[[ Input data open ]]

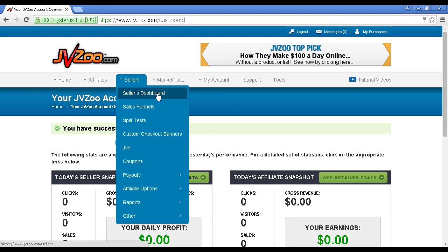This one takes you to your sellers dashboard. This one takes you to sales funnels, where you can have more than one product on JVZoo. You can then have upsells and downsells for the various products. There is quite a detailed video on that page which talks you through it, so I'm not going to go into detail on that in this particular video.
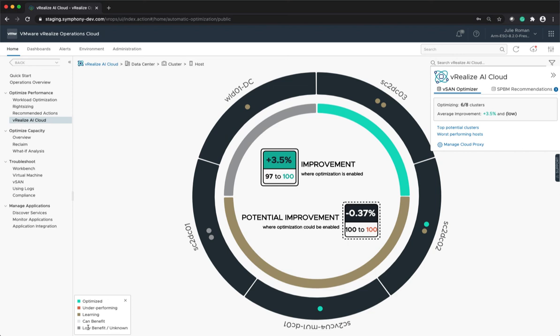vRealize AI Cloud will begin collecting data, but will not start optimizing until you enable it at the cluster level in the UI. The gray area in the inner circle shows the vCenter that you just added to vRealize AI Cloud. The potential improvement score will start calculating and may show negative for a period of time while it's gathering data.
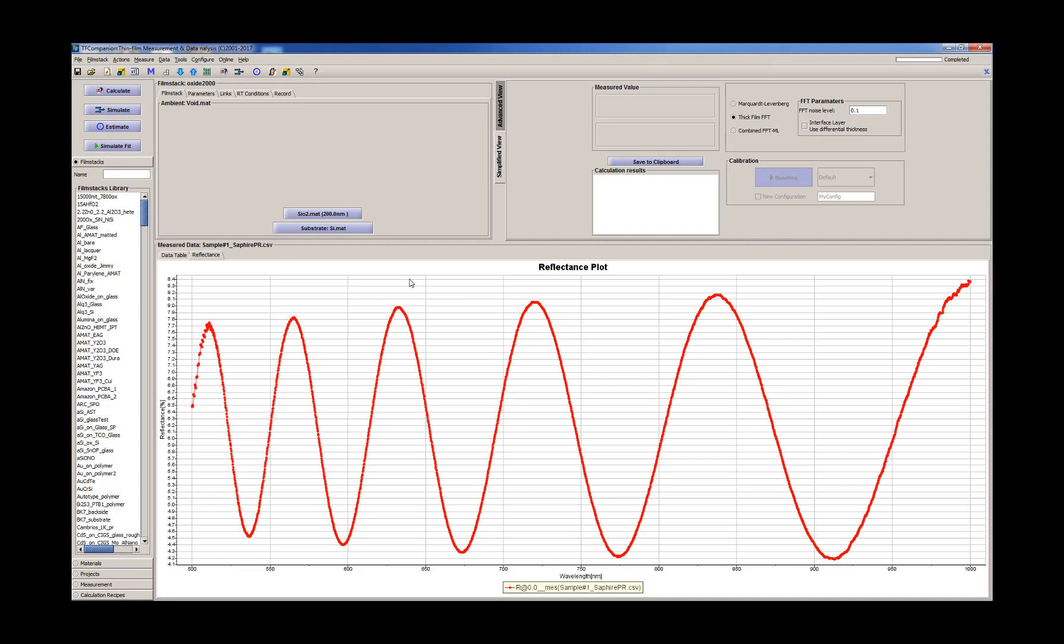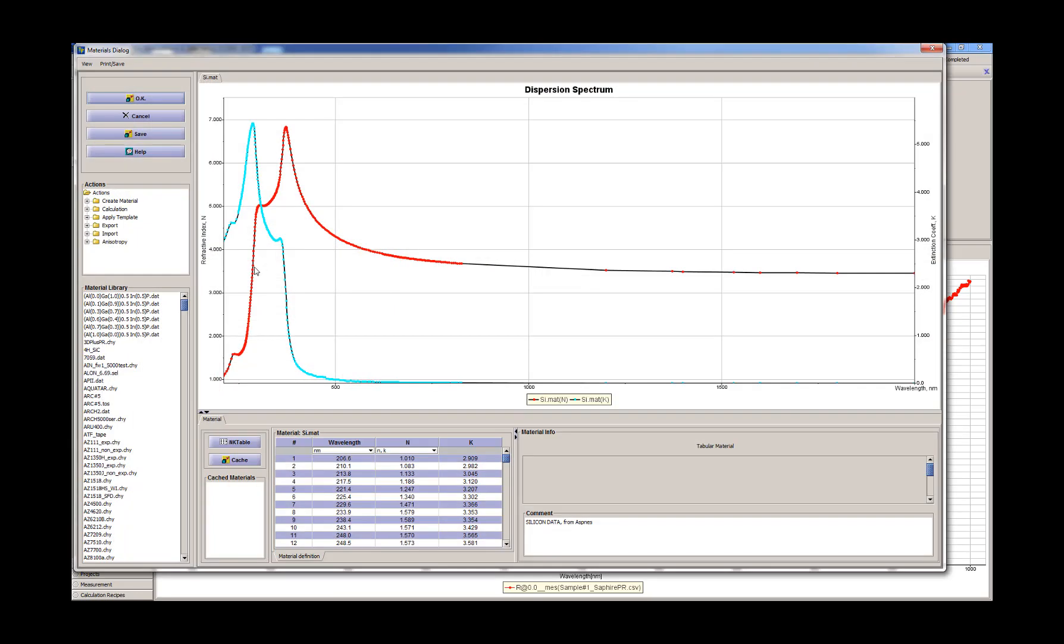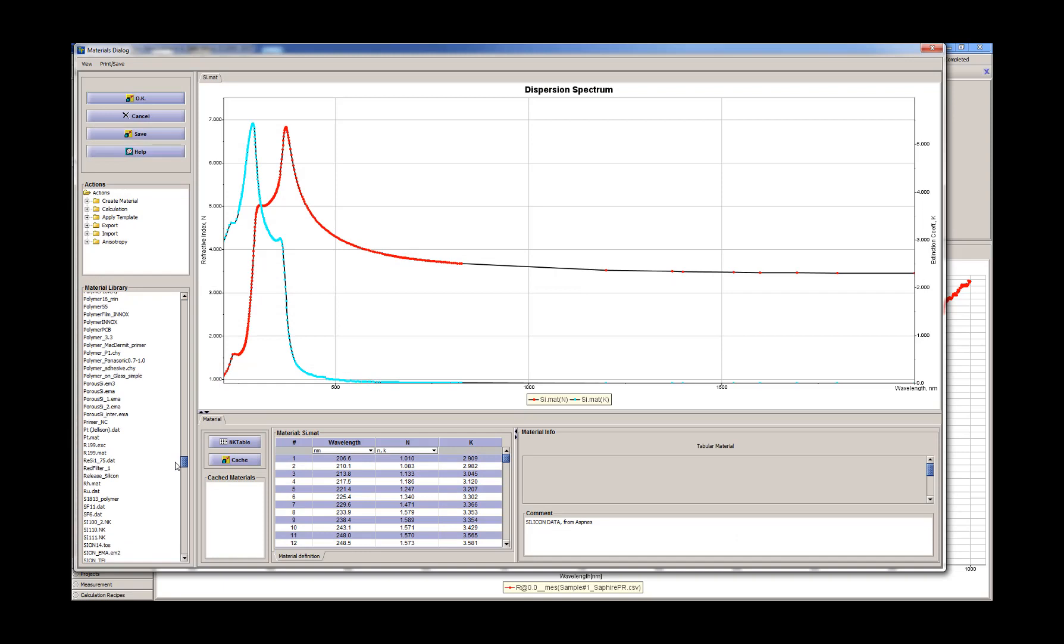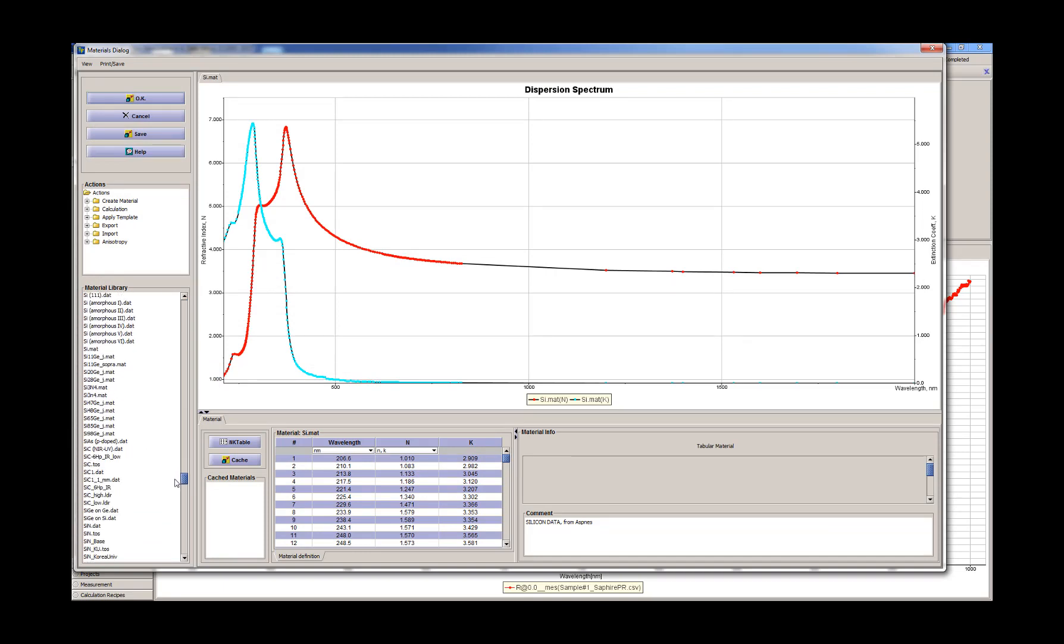Now we need to first build the approximate film stack that represents the sample. The substrate is sapphire, so we'll select the sapphire material here. Here is sapphire.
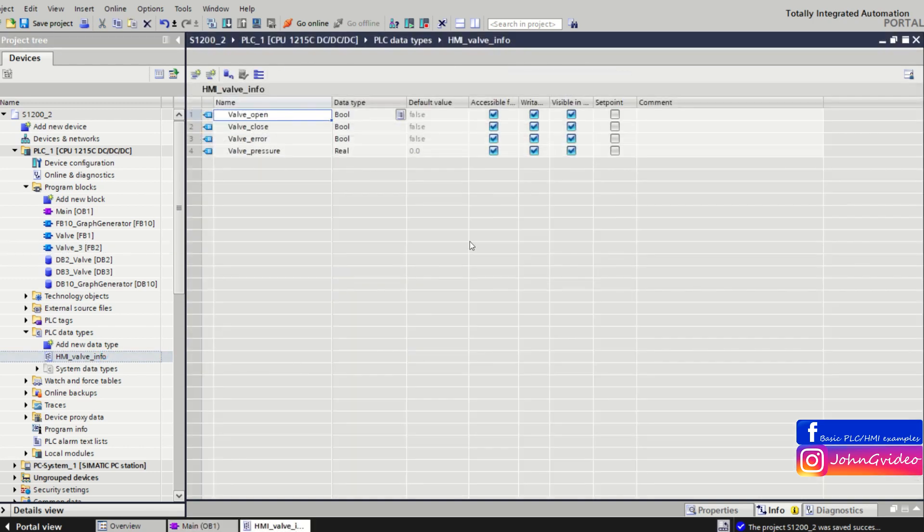This is all for this video on how to work and how to create and use user defined data types in your project. Thank you for watching and goodbye.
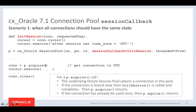When you do pool.acquire, the underlying Oracle session pool selects a connection or creates one if the pool needs to grow. If the connection is brand new, before acquire returns, the init_session function is called and you can alter the session state. When init_session returns, pool.acquire completes — so by the time you reach cursor.execute, you can guarantee the session will have the time zone set to UTC.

[[ Input data closed ]]

> **The task**:
A verbatim copy of the entries, without the pictures, is what this task requires.

> **Solution for this exercise**:
This one takes you to your sellers dashboard. This one takes you to sales funnels, where you can have more than one product on JVZoo. You can then have upsells and downsells for the various products. There is quite a detailed video on that page which talks you through it, so I'm not going to go into detail on that in this particular video.
vRealize AI Cloud will begin collecting data, but will not start optimizing until you enable it at the cluster level in the UI. The gray area in the inner circle shows the vCenter that you just added to vRealize AI Cloud. The potential improvement score will start calculating and may show negative for a period of time while it's gathering data.
Now we need to first build the approximate film stack that represents the sample. The substrate is sapphire, so we'll select the sapphire material here. Here is sapphire.
This is all for this video on how to work and how to create and use user defined data types in your project. Thank you for watching and goodbye.
When you do pool.acquire, the underlying Oracle session pool selects a connection or creates one if the pool needs to grow. If the connection is brand new, before acquire returns, the init_session function is called and you can alter the session state. When init_session returns, pool.acquire completes — so by the time you reach cursor.execute, you can guarantee the session will have the time zone set to UTC.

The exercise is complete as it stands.